Reaching for success at BHS

Left to right, Bremerton High School seniors Julia Elia, Bianca Belton and Justin Burns get ready for “Tosca” at McCaw Hall. - Photo by Wesley Remmer
Left to right, Bremerton High School seniors Julia Elia, Bianca Belton and Justin Burns get ready for “Tosca” at McCaw Hall.
— image credit: Photo by Wesley Remmer


Staff writer

Bremerton High School’s Reaching Educational Achievement to Complete High School (R.E.A.C.H.) hosted a student field trip Wednesday evening to McCaw Hall in Seattle, viewing a dress rehearsal of Giacomo Puccini’s 19th century opera, “Tosca.”

R.E.A.C.H. is part of the Parent-Community-School Partnership Project, which also includes the National Association for the Advancement of Colored People (NAACP) Bremerton Chapter, the Bremerton African American Ministerial Alliance (BAAMA) and the Community Leadership and Coalition Alliance (CLCA).

R.E.A.C.H. debuted at BHS during the 2006-07 school year and was created, among others, to reduce the high school dropout rate of African-American males by providing mentorship and rich educational activities outside the classroom.

“I like the kids, it’s (the program) doing some good,” said Lucy Johnson, who mentors R.E.A.C.H. students. “If I didn’t think it was doing good, I wouldn’t be in the program.”

The program’s mentors participate in field trips, help coordinate events and — most importantly — offer students a shoulder to lean on.

“My favorite part of the program is the mentors,” said BHS senior Kiara Dozier, who came along on the opera field trip. “They’ve helped me apply to colleges, and I never could have done it without them.”

The “Tosca” field trip was the latest of many R.E.A.C.H. excursions; it visited the Experience Music Project (EMP) at Seattle Center, the Quilters Exhibit in Tacoma and a college fair at the University of Puget Sound.

“We want to provide academically enriching activities,” said Community Liason and R.E.A.C.H. Director Keandra Thompson. “The opera was high atop that list.”

The “Tosca” excursion to McCaw Hall was made available by the C. Keith Memorial Trust, which was established in 2006 as an Area of Interest Fund of the Seattle Foundation. The fund gives Kitsap schools access to “blocks” of theatre tickets, allowing large groups of students to view performing arts shows. Kitsap County resident and performing arts enthusiast C. Keith Birkenfeld left the trust for Kitsap schools, before passing away in 2005.

Thompson said R.E.A.C.H. coordinators decided on “Tosca” for a variety of reasons.

“The star is an African-American and we wanted kids to see that,” she said. “You don’t have to fit a mold, anyone can be successful.”

And Wednesday’s field trip received overwhelming successful feedback from the 37 students who attended.

“This was our most impressive turnout,” Thompson said. “They couldn’t stop talking about it (the opera), they loved it so much.”
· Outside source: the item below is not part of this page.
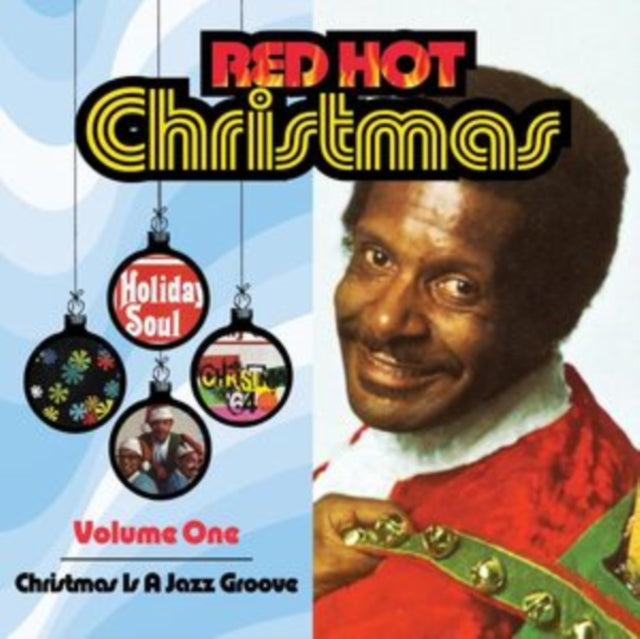 Red Hot Christmas, Vol. 1-Christmas Is A Jazz Groove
Fancy clothes, wide smiles and an energetic buzz radiated around the group of students, who rode a ferry and a bus to get to McCaw Hall.

“It was exciting,” said BHS senior Bianca Belton, who had never seen an opera before Wedneday night. “I really liked the story line and the tragedy.”

Added fellow BHS senior Julia Elia: “It was dramatic, and I felt sophisticated dressing up.”